Created in 1820 by Louis-Martin Berthault (1771-1823) in the place of the ‘Bosquet du Roi’ (King’s Grove), the Rose Garden is located close to the temperate greenhouse which was built in the same year on the Porte Chapelle terrace. In the centre of this formal garden, the little circular pool is all that remains of the works carried out by Ange-Jacques Gabriel on Marie Antoinette’s terrace. It was moved to the Rose Garden at the time of its creation.

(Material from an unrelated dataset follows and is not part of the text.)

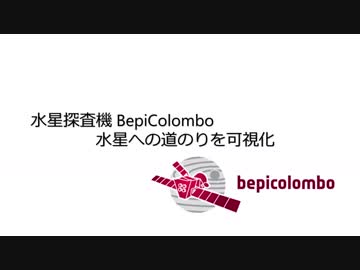 水星探査機BepiColombo(ベピコロンボ)の水星への道のりを可視化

The garden itself was restored twenty years ago based on records dating back to 1821 and thorough historical research with the aim of respecting the vision of its creator. The rose species presented belong to large families of antique roses, including Damask, Centifolia, Gallica and Noisette roses. These are planted alongside three types of perennial plants: peonies, oriental poppies and irises. During the flowering season, this exceptional arrangement treats visitors to a wide variety of colours and fragrances.
The Rose Garden is open to the public from mid-April to mid-October 2015, from 11.00am to 5.00 pm.
The imperial Palais de Compiègne requested that a stopping point be created between the palace’s terrace and the start of the green lane. In the 18th century, the avenue of lime trees running along the Charles V wall, which is the only remaining section of the town’s walls, was used for the arrival of the king from Paris. Henri Olivier’s piece is in keeping with the landscape and provides a different view of the both the terrace and the green lane. Taking the form of a bench, it is composed of burned and blackened structures and trimmed box trees. Its shape mimics the design of the stairs on one side of the terrace, serving as a reminder or as the reaffirmation and modernisation of an early feature. The design of the piece is also a reminder of the box trees which border the Rose Garden, created by Louis Martin Berthault, the landscaper who produced the garden of the Petit Parc at the beginning of the 19th century. Position sur le Paysage invites those walking through the park and the Palace’s visitors to stop and look around. It is from here that their gaze is drawn by a vertical line through the middle of the green lane to one of the Palace’s old lightning rods, which is planted like a focal point or landmark. Painted gold like the tops of the park’s railings and positioned in the centre of the avenue, this wrought iron mast regains all its strength and responds to the undulating line of the work created by Henri Olivier, the black and green colours of which are a reminder of the dark trunks and transparent foliage of the lime trees.